Whatever your feelings about corporate “free speech,” which is how the Roberts Court presented the issues, the Citizens case should, once and for all, put a torch to the claim that “conservative justices” bring to the bench a bias to defer to the political branches of the government. With one sweeping ruling, the Roberts Court, or at least five members, overturned decades of precedent, ignored the policy prescriptions of Congress and issued a broad, far-reaching decision where a narrow, limited ruling was not only possible but desirable. This is not the behavior of a “conservative” court.
An Activist Court
One of the great political fictions of the last 25 years years is that “activist” judges – these judges are always from left of center politically – have molded the law and the Constitution in ways not keeping with the intent of the Founders.

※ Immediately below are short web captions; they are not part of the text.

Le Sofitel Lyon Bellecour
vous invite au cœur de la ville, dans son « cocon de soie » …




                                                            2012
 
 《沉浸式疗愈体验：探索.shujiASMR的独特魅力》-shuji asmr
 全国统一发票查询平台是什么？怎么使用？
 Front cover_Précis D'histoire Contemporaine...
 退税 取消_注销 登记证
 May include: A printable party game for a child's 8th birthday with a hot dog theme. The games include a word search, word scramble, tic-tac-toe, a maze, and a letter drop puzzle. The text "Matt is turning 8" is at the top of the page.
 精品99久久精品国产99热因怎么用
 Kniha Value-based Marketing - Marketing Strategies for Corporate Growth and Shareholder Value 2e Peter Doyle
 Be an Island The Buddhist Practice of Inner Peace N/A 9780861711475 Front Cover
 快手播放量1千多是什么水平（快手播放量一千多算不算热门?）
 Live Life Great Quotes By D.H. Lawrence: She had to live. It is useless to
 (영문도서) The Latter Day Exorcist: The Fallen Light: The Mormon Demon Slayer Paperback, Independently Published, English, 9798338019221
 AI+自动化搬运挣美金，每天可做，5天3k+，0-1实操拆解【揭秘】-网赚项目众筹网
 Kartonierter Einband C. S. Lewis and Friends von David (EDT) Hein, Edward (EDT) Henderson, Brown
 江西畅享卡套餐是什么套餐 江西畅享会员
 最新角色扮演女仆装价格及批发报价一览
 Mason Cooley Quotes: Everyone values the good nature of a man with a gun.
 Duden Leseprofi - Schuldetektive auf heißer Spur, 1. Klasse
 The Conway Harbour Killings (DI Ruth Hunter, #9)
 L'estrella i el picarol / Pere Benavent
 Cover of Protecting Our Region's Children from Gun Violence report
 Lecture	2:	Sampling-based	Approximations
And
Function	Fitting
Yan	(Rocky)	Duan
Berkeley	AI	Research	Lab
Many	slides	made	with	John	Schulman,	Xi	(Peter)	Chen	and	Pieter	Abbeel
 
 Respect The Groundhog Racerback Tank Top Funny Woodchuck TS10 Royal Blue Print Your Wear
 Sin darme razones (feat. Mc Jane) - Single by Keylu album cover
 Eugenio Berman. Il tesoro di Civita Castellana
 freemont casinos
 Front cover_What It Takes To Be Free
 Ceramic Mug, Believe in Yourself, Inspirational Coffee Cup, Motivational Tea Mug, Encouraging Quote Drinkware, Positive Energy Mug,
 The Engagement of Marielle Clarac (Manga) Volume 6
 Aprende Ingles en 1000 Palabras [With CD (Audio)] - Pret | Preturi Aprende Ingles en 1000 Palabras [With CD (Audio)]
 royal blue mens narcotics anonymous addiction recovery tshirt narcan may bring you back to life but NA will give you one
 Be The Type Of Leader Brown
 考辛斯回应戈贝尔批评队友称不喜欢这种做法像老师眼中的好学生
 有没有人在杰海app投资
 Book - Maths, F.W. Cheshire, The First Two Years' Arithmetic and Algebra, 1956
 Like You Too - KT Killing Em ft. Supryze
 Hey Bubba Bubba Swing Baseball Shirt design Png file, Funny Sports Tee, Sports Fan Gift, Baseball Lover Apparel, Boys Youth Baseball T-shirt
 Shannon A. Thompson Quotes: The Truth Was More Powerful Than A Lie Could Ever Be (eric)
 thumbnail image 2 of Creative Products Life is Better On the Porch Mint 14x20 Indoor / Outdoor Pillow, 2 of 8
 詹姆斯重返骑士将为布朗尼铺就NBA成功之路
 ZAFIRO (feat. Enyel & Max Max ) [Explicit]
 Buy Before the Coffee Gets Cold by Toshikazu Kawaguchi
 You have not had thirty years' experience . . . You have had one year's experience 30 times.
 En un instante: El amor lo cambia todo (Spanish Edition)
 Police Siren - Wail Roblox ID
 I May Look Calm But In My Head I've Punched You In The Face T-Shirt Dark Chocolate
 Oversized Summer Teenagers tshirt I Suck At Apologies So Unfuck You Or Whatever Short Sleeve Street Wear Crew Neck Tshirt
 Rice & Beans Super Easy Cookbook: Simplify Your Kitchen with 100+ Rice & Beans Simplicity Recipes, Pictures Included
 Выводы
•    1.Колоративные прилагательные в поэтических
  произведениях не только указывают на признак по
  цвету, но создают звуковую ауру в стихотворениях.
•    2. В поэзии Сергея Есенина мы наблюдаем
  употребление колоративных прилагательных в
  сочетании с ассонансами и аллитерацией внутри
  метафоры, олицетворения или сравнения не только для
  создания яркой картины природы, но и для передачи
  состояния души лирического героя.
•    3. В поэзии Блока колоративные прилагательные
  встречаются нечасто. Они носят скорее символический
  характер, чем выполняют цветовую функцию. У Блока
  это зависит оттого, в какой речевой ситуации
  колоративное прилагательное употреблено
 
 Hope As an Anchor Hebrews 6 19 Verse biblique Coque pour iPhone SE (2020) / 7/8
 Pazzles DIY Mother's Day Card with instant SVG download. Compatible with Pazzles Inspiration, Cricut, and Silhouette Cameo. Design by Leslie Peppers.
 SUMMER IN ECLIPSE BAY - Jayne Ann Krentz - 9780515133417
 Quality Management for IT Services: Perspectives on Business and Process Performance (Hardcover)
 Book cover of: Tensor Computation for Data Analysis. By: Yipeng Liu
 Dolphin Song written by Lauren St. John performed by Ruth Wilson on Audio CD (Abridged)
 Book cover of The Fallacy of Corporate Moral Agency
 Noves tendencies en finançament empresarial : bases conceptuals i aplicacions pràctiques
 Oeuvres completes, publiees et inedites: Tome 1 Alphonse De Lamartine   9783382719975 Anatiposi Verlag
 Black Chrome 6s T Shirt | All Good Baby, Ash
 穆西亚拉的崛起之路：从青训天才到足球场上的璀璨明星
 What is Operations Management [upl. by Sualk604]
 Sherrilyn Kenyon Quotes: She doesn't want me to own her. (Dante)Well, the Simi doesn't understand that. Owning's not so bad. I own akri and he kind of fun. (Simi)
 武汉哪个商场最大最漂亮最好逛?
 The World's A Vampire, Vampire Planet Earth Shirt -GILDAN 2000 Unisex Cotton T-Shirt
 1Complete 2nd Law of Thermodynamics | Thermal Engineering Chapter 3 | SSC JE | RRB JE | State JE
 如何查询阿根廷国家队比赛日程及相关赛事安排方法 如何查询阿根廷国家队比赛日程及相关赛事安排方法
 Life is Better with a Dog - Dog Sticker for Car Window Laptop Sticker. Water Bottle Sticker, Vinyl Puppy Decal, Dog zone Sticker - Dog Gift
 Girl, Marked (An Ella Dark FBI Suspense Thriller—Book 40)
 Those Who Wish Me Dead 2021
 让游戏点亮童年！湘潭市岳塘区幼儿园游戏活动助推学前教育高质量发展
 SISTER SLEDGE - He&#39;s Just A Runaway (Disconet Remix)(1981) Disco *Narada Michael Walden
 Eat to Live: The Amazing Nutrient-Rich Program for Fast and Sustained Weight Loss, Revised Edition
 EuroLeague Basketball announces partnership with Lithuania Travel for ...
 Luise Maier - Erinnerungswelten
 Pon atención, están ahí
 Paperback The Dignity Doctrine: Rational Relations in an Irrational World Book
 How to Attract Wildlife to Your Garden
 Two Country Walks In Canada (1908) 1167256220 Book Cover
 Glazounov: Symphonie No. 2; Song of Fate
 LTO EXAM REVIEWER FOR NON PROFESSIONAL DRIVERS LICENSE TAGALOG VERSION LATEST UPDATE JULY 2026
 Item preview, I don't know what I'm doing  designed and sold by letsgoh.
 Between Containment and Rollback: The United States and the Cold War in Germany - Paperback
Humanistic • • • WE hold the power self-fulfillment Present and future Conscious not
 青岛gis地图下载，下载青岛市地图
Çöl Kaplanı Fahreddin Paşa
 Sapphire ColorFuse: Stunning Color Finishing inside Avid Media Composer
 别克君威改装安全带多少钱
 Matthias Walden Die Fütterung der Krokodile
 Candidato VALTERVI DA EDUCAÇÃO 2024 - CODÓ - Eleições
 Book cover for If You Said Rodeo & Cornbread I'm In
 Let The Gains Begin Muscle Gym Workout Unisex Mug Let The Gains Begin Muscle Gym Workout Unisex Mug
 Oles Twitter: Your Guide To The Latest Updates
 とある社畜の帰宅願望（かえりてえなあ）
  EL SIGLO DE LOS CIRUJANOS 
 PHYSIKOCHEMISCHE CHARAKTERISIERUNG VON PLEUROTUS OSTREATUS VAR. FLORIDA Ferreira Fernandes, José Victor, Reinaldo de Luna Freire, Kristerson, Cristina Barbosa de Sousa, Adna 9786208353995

In fact, over the last 25 years, it has been the conservative majorities on the Rehnquist and now the Robert Court that have been the “activists.” There is more to come.
In his book, Professor Burns offers the radical prescription that some future president – or current president – should simply defy the Court when it overturns a policy position that has been fought out, compromised and agreed to by the political branches of the government. I’m not sure I would go so far, since I still wonder what might have happened, for example, had Richard Nixon defied the Court during Watergate or had Al Gore not quietly stepped aside when the Court made George W. Bush president in 2001.
Still, the Citizens case and what comes along next from the Roberts Court may make such a challenge less and less unthinkable.
President Obama was sharply critical of the Citizens decision and was criticized for his criticism. Still, Obama’s critique was really quite measured and he may find that he’ll have many more occasions to speak out about rulings from this Court. In criticizing the Court, he was also in good company. Presidents have done so repeatedly in our history.
Franklin Roosevelt found that taking on the Court, as he did in 1937, was a short-term political loser, but more because of how he managed the criticism as opposed to the substance of his complaints. Arguably FDR’s assault on the Court helped moderate its conservatism in the late 1930’s. The other Roosevelt, Teddy, repeatedly lashed out at the Court early in the century, once complaining of “flagrant wrongs” committed by judges.
A wise man once told me the Founders had made one fundamental mistake: they turned one whole branch of government over to lawyers.
Another made the observation that all judges, by their nature, are political and that doesn’t change once the black robe is draped over the shoulders of a former political operative. Judges almost always receive appointments, and, at the federal level, lifetime tenure, by virtue of a political background or a political sponsor. What they do with the power that they alone define is also political.
More Power to the Court
In the poisonous and largely paralyzed world that is Washington these days, the Roberts Court may have the clearest agenda in town and an agenda that can actually be implemented. Whether the country likes it over time is another matter.
Fundamentally, the power of the Supreme Court and the role these largely untouchable justices play is a matter of separation of powers. James MacGregor Burns would argue that the Court has amassed power all out of proportion to what our system envisions or can tolerate over the long term.
A president can influence the Court with appointments and the Congress must advise and consent, but something else is also required if our system is to “balance.” The Court must self regulate; it must restrain its own activist and value driven impulses. The corporate campaign finance case is an indication that the current majority is unwilling, or unable, to impose that burden on itself. Despite what Chief Justice Roberts said during his confirmation hearing about seeing the role of a judge as an umpire merely calling “balls and strikes,” these umpires don’t seem to be defining the strike zone as much as tearing up the rulebook.
We’ll also see whether the country – from the political right to the political left – really tolerates that attitude over time. Neither conservatives nor liberals should be very comfortable with the direction we seem to be headed.